Di mata putri sulungnya tersebut, Bung Hatta yang lahir di Kota Bukittinggi, Sumatra Barat merupakan sosok yang tidak mengharuskan hanya orang-orang yang menghormatinya, melainkan ia juga menghormati orang lain termasuk di dalam keluarga.
"Kami di keluarga saling menghormati. Saya belajar dan melihat ayah hingga 1980. Tepat usia saya 33 tahun ayah meninggal, namun saya mengikuti ajarannya hingga sekarang," ujarnya.
Selain itu, Bung Hatta juga merupakan sosok yang sama antara kata dan perbuatan. Dengan kata lain, apa yang dikatakan dan dilakukan Wakil Presiden RI pertama itu sama. Ia juga tidak mengharuskan anak-anaknya melakukan hal-hal tertentu, melainkan mengajarkannya dengan memberi contoh.
Sebagai teladan sederhana, Bung Hatta mengajarkan menjadikan meja makan sebagai suatu peristiwa khusus sehingga tidak menggunakan piyama saat makan, termasuk ketika sahur di bulan Ramadan.

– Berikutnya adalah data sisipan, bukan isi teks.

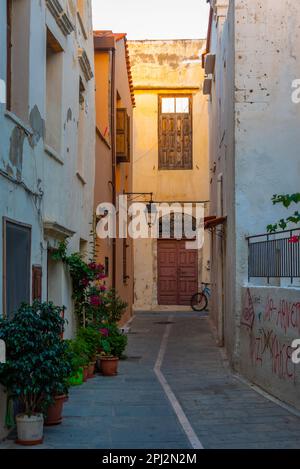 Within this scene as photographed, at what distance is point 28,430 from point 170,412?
106 inches

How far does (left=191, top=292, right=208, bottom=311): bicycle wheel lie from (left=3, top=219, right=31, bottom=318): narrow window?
739 inches

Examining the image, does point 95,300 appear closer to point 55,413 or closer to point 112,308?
point 112,308

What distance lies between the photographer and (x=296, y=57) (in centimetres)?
1364

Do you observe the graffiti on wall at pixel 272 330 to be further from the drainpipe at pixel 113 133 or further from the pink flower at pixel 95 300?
the drainpipe at pixel 113 133

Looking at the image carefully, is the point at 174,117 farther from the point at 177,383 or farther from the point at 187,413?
→ the point at 187,413

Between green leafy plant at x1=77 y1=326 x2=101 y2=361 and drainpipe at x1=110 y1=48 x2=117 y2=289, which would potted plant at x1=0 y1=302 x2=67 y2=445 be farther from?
drainpipe at x1=110 y1=48 x2=117 y2=289

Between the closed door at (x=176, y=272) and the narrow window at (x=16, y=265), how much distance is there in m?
19.4

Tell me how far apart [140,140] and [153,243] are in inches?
170

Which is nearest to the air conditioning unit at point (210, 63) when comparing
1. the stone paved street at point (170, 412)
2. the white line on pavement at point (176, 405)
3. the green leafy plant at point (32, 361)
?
the white line on pavement at point (176, 405)

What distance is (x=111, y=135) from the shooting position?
64.1 feet

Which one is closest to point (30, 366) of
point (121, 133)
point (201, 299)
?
point (121, 133)

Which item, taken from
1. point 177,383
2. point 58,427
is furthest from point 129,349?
point 58,427

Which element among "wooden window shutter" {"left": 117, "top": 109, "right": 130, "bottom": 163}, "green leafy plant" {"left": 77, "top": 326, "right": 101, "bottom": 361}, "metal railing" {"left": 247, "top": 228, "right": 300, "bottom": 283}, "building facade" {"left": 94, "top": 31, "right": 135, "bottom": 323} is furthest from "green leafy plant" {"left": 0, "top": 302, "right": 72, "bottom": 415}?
"wooden window shutter" {"left": 117, "top": 109, "right": 130, "bottom": 163}

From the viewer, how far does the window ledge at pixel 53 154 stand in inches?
415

"Kalau makan sahur tidak pakai piyama, ganti baju dulu. Sebab meja makan itu peristiwa khusus, bukan mau tidur. Itu saya ikuti sampai sekarang," katanya.
Hal tersebut mengajarkan untuk hidup teratur dimana terdapat hal-hal santai, namun tetap dengan adanya aturan. Termasuk pula aturan untuk makan, menata makanan, berpakaian serta berbicara.

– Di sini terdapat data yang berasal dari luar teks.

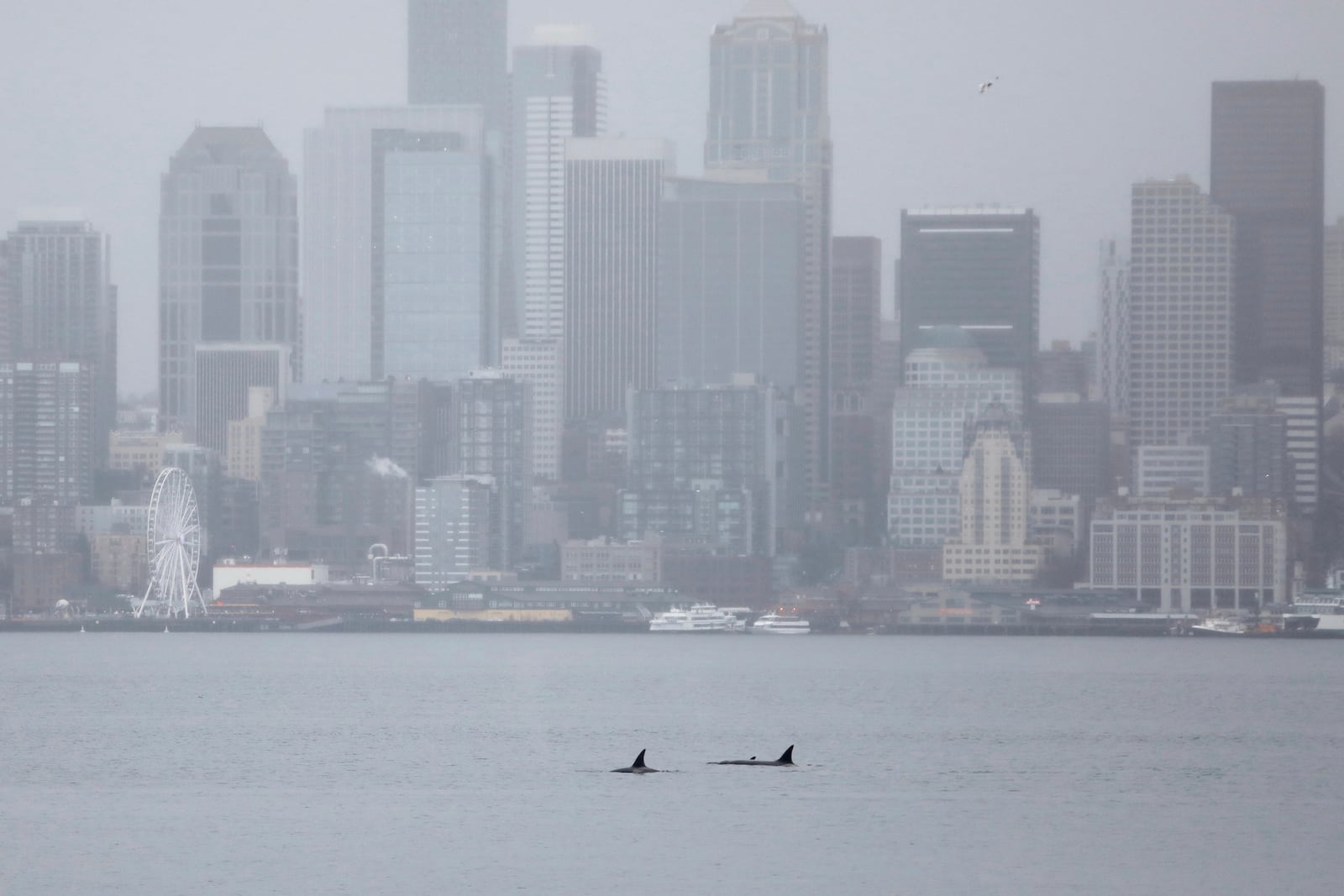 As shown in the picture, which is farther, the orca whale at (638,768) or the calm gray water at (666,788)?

"Jadi pada situasi apa, berpakaian apa, berbicara apa, itu ada aturan," ujar dia.
Apalagi, di keluarganya terdapat kebiasaan satu keluarga untuk makan siang dan makan malam bersama. Pada momentum itulah tercipta perbincangan baik itu mengenai sosial budaya, keadaan masyarakat, berbagai peristiwa terkini hingga pengalaman sehari-hari.
Menurut dia, di situlah diketahui berbagai macam informasi. Apalagi di saat makan siang dan malam juga terdapat kunjungan tamu-tamu dari berbagai kalangan sehingga tercipta perbincangan yang lebih luas.
"Tapi beliau tidak ingin ada orang yang terasing dalam kumpulan. Jika ada tamu yang kurang bisa bicara bahasa Indonesia, misalnya keluarga Minang maka beliau akan bicara bahasa Minang," ujar dia.